You may have the projection into a 2D scatter plot of fast weights that is actually a curve rather than a line (optimizer magic). In this case, we would overshoot further than the last fast weights but in a direction that would not fit the curve. I would have to test the hypothesis (perhaps it doesn't occur that often, but my intuition is that optimizers, that have updates where gradient is not the only main player, might not work well with this approach)
While implementing Lookahead, I actually had a somehow similar idea @redknightlois, but more of a model forward/backward efficiency perspective.
I didn't consider overshooting, but selecting alpha automatically based on the variance of the fast updates:
let s be the slow weights, and f1, ...., fk be the fast weights
- I evaluate the variance of
[f2 - f1, ..., fk - f(k-1)]which would characterize the consistency of the fast updates' direction. - I would normalize it / squeeze it into [0, 1] and use
1 - squeezed_varianceas a synchronization rate (alpha)
The issue I had, is that memory-wise, I would have to store k-1 fast weights into memory to perform this. So, hopefully, less computation required, but higher memory usage (linearly with the synchronization period k). I'll check if I can avoid that memory overhead and try to implement this.
I re-run notebooks with latest Ralamb and RangerLars and updated the main page with the results.
And you remove LARS from the actual base optimizer?
Yes, you take out LARS from the base optimizer.
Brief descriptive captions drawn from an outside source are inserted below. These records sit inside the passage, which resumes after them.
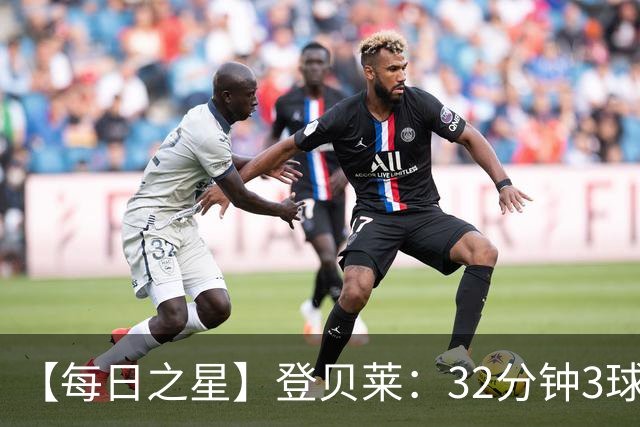 【每日之星】登贝莱：32分钟3球封神 用闪电帽子戏法让批评者闭嘴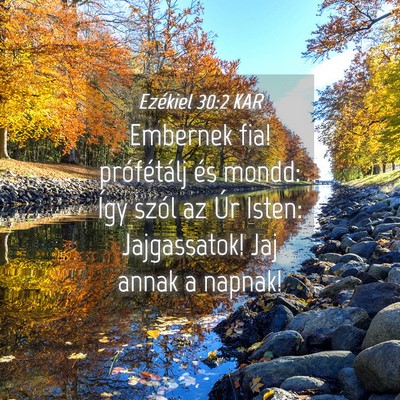 Picture 04 - Ezékiel 30:2 KAR - Embernek fia! prófétálj és mondd: Így szól - Bible Verse Picture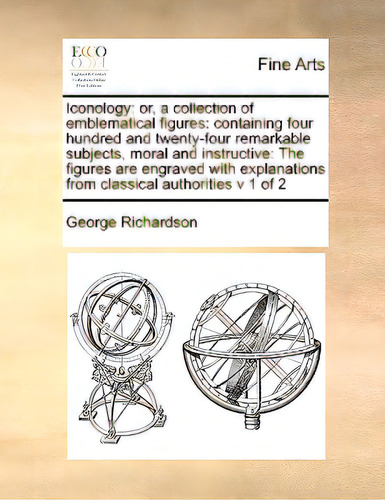 Iconology: Or, A Collection Of Emblematical Figures: Containing Four Hundred And Twenty-four Rema..., De Richardson, George., Vol. 1. Editorial Gale Ecco Print Ed, Tapa Blanda En Inglés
If I get your idea correctly, you want to rescale the interpolation/update of slow weights in Lookahead based on a distance metric between the gradients of intermediate fast steps? (and suggesting the distance metric should be cosine similarity)
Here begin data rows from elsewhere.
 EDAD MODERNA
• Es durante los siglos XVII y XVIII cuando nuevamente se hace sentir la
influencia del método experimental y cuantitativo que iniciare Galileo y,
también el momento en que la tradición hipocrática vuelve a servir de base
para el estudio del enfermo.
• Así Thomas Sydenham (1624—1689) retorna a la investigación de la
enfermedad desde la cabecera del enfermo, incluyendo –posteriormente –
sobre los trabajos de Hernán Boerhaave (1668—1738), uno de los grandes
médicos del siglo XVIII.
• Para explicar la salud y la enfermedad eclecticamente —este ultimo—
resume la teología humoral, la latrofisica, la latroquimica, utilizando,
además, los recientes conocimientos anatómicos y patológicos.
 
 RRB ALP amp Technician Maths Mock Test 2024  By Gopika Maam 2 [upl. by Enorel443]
Yes, I suggested cosine similarity because you can picture it in your head in 2 dimensions. As you mentioned when the 'curve' is an actual curve, the similarity of the vectors is bad, therefore you have to use the normal schedule...
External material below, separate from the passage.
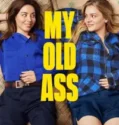 My Old Ass (2024)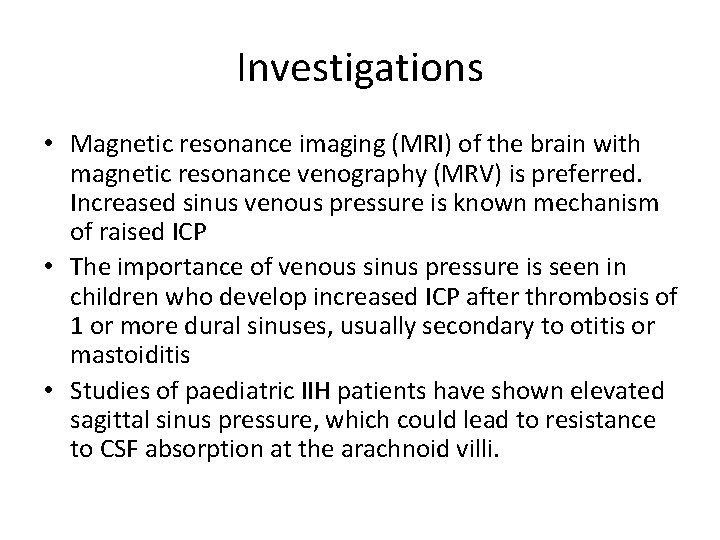 Investigations • Magnetic resonance imaging (MRI) of the brain with magnetic resonance venography (MRV) Investigations • Magnetic resonance imaging (MRI) of the brain with magnetic resonance venography (MRV)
In 2D this is what I have in mind.
I didn't consider overshooting, but selecting alpha automatically based on the variance of the fast updates:
I did a LARS style version of Lookahead which uses the 'trust_ratio' between the norm of the fast and slow weights... and at 5 epochs you don't see such a noticeable change... but havent have the time to run it further OR with Annealing schedule. Which looks like is making a lot of difference based on the results just published by @mgrankin. Quick question, those numbers already include the change to use Mish activation?
EDIT: Quick caveat... when I am saying you can overshoot, what I mean is that you update the fast weights to overshooting and the slow weights are modified in such a way that you do not move into overshooting range.
Quick question, those numbers already include the change to use Mish activation?
No, I haven't looked into Mish yet.
@redknightlois. Hi, Thanks for the implementation. I have a question, how to save the Ralamb optimizer state_dict. There is no function for that. There is no load_state_dict function as well. Thanks
No, this was a prototype that I knocked up in a few hours time. Feel free to add those and I will update it.
Interesting thought @redknightlois
If I get your idea correctly, you want to rescale the interpolation/update of slow weights in Lookahead based on a distance metric between the gradients of intermediate fast steps? (and suggesting the distance metric should be cosine similarity)
And you remove LARS from the actual base optimizer?
I can draft a few options on the math of this and implement it, but I'll probably need something to run the training as I believe I don't have the hardware to meet the same training conditions as you guys!